Princess of Patiala (1771–1801)

Rajkumari Bibi Sahib Kaur (1771–1801) was a Sikh princess of Patiala and the elder sister of Sahib Singh, the Raja-e-Rajgan of Patiala. (Note: She is also known as 'Rani Sahib Kaur'.) Sahib Kaur served as Patiala's Prime Minister and the General of the Patiala Army. She is remembered for her leadership in protecting the Patiala kingdom from Marathas in the late-18th century, alongside Rani Rajinder Kaur.

== Biography ==
Sahib Kaur was born in 1771. Kaur was the daughter of Amar Singh, the Raja-e-Rajgan of Patiala, her mother was the first wife of Amar Singh named Raj Kaur (daughter of Chaudhry Ram Ditta Mal of Gagewal), and she was the sister of Sahib Singh, who succeeded their father as the ruler of Patiala. She was also the great-granddaughter of Mai Fatto. At the age of 7, she was married to Jaimal Singh of Fateh Garh Churian (Gurdaspur district), son of Haqiqat Singh of the Kanhaiya Misl. At a young-age, Sahib Kaur learnt horse-riding, archery, and fencing and was educated in Sikhism. When her brother, Sahib Singh, was baptized into the Khalsa order by Sardar Baghel Singh in 1779 at Patiala, Sahib Kaur was also baptized alongside her brother. Later, her husband Jaimal, was imprisoned by his cousin, Fateh Singh, and she successfully led an assault to liberate him and also restored him to his leadership of Fatehgarh. In 1782, her brother succeeded as the next ruler of Patiala after their father's death. However, due to personal shortcomings of Sahib Singh, such as being prone to fits-of-madness, he was not able to rule effectively, relying much on his diwan Nanu Mal, whom was cunning. Nanu Mal was a trader from Sunam who had a personal dislike for the Sikh religion and Dal Khalsa. He removed Sikhs from their positions and replaced them with nepotistic appointments and would smoke hookah in the durbar, which the Sikhs disliked. Sahib Singh's grandmother, Hukma Kaur, also interfered with the running of the state. Nanu Mal was able to effectively hold the true power in the state due to the inability of Sahib Singh and by stirring-up factionalism within the court, which is shown by Nanu Mal imprisoning general Basant Rai, a favourite of Sahib Singh. In 1789, Nanu Mal invited the Marathas to invade Patiala. However, in the ensuing conflict that followed Nanu Mal died in 1792. Nanu Mal's position was soon after occupied by Meer Ilahi Bakhsh of Samana but he was killed by a Sikh in the court in-front of Sahib Singh. The situation in the state deteriorated due to corruption, the chaliwan famine, and internal strife, which prompted Sahib Kaur in Fatehgarh to request her husband's permission to assist her brother in its administration.
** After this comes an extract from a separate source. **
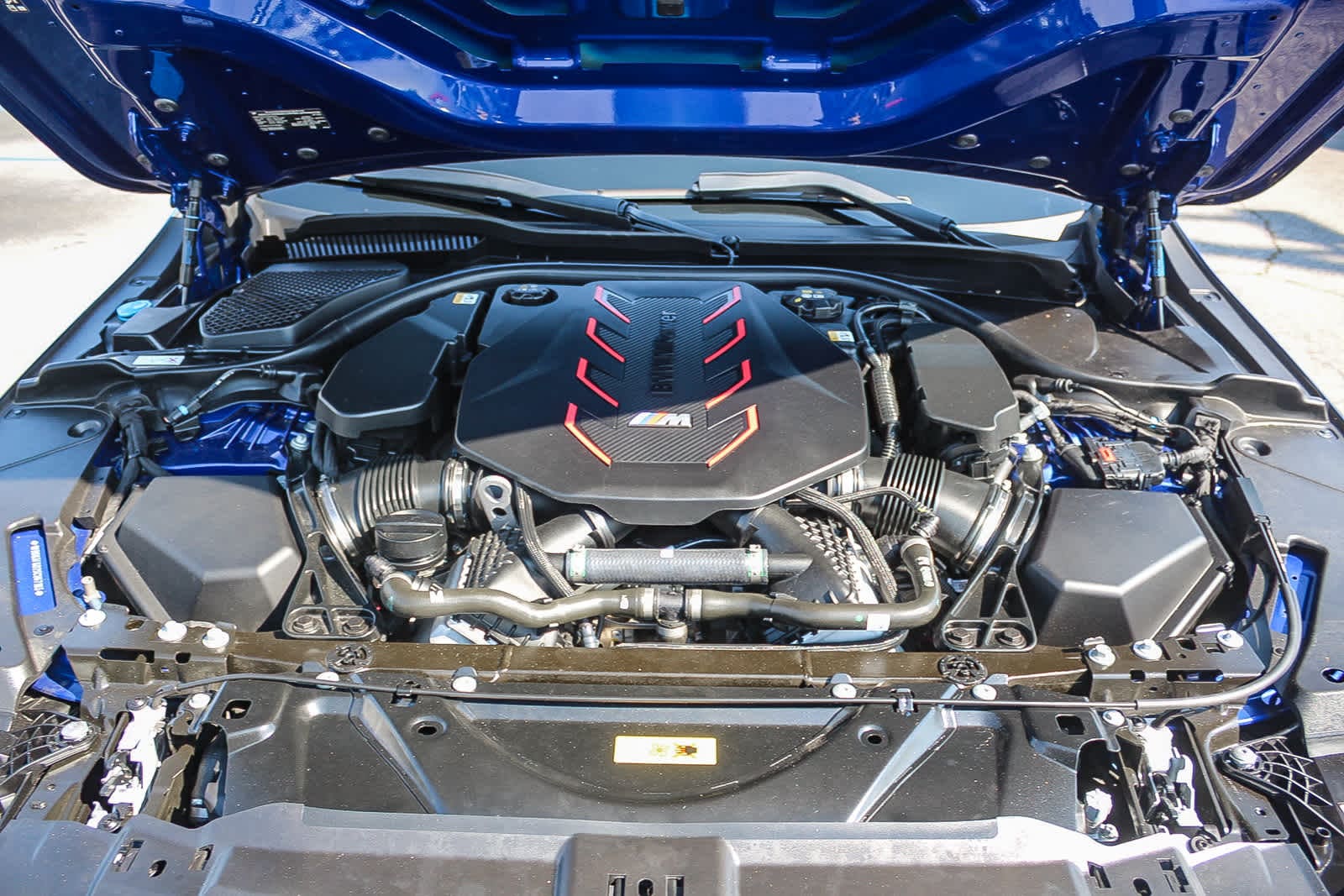 Thumbnail: 2025 BMW M5 - 32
At the age of 22, Kaur's brother, Sahib Singh, recalled her after her marriage and appointed her Prime Minister of Patiala State in 1793. Immediately after appointment, forts were repaired, the new fortresses of Ratian and Raj Garh were constructed, and the military was restructured. Kaur led armies into battle and succeeded in uniting other Sikh Confederacy Misls and their leaders, including Baghel Singh, founder of the Singh Krora Misl, for military campaigns. She was one of the leaders in the Maratha-Sikh clashes against the Maratha Empire. One of the battles she fought in was the Battle of Mardanpur in 1794.
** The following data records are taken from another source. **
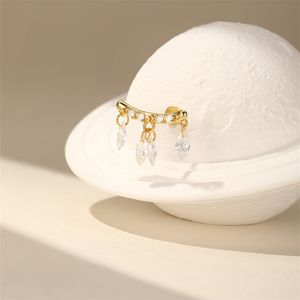 Piercing doré à tête plate unique, style Ins, luxe léger, en argent sterling S925, avec pampille œil de cheval - Product Image 2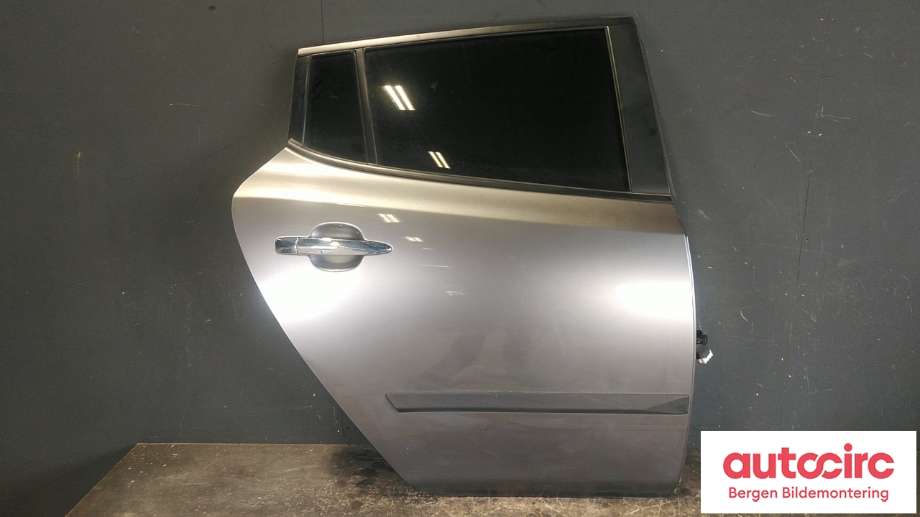 Dør høyre bak til Nissan Leaf 2011-2017 (Type I) (NISSAN|H21523NLMA|)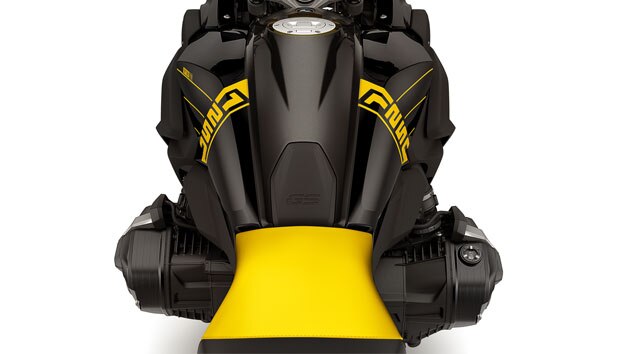 Vediamo il serbatoio della Edition 40 Years GS con scritta 1250 e logo Option 719 in dettaglio.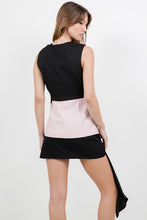 Load image into Gallery viewer, Contrasted Sleeveless Button Down Vest Top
Between 1798 and 1799, Kaur battled and defeated George Thomas, an Irish adventurer. Thomas had carved out an independent territory for himself, which included the then towns of Hansi and Hisar, and was looking to expand his territory. Thomas later attacked Jind, and the then Raja of Jind, Bhag Singh, sent a letter to request aid from Sahib Singh or for Sahib Singh to send his sister, Kaur, to aid him. Kaur came to Bhag Singh's aid, defeating Thomas in battle and then brokered a settlement between Thomas and other Sikh leaders.
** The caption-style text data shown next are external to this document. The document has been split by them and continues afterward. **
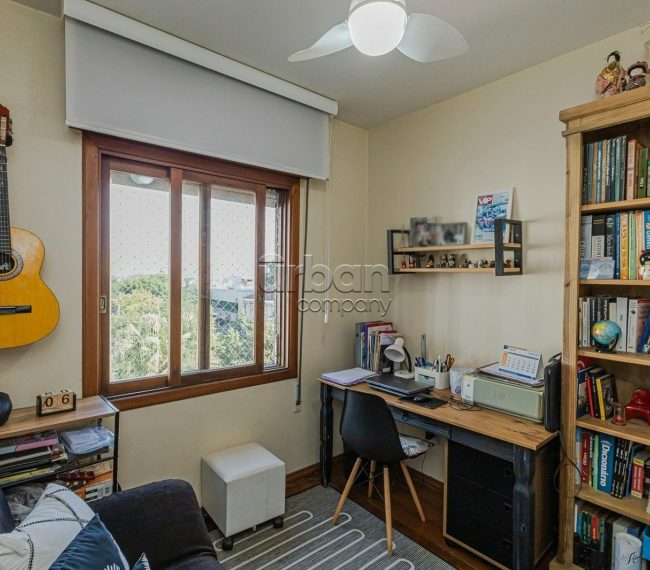 Apartamento com 98m², 3 quartos, 1 suíte, 2 vagas, no bairro Petrópolis em Porto Alegre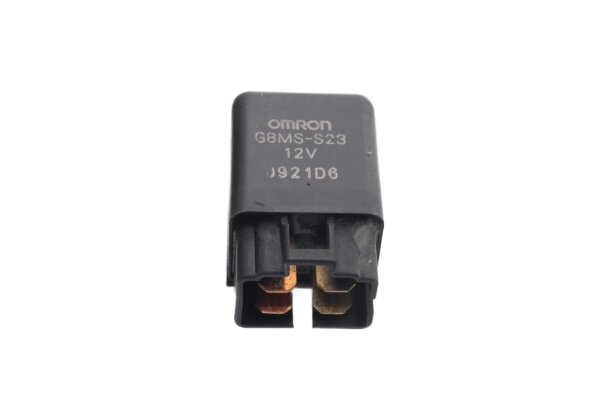 Relè di commutazione a innesto da 12 V Omron Suzuki GSX-R 1000 K1/K2 WVBL 01-02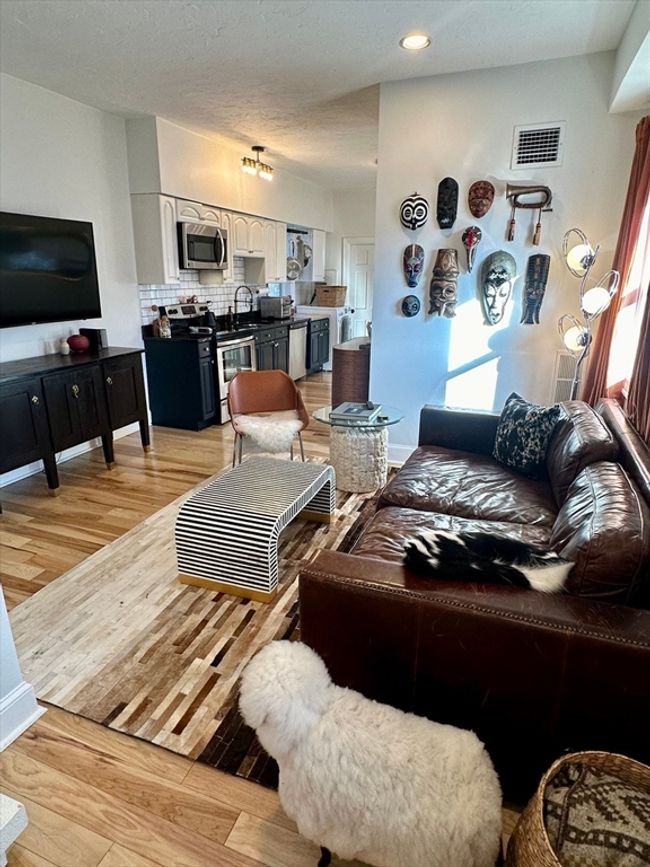 APT-2 - 48 Mercer St, Condo with 2 bedrooms, 1 bathrooms and 1 parking in Boston MA | Image 8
Sahib Singh later imprisoned Kaur and she died in 1801. Other sources give her date of death as 1799. Kaur's stepdaughter, through her husband Jaimal Singh's other marriage, was Chand Kaur, who served as the Regent of the Sikh Empire and was the wife of Maharaja Kharak Singh and the mother of Maharaja Nau Nihal Singh. Kharak Singh was the son of Maharaja Ranjit Singh, the founder of the Sikh Empire.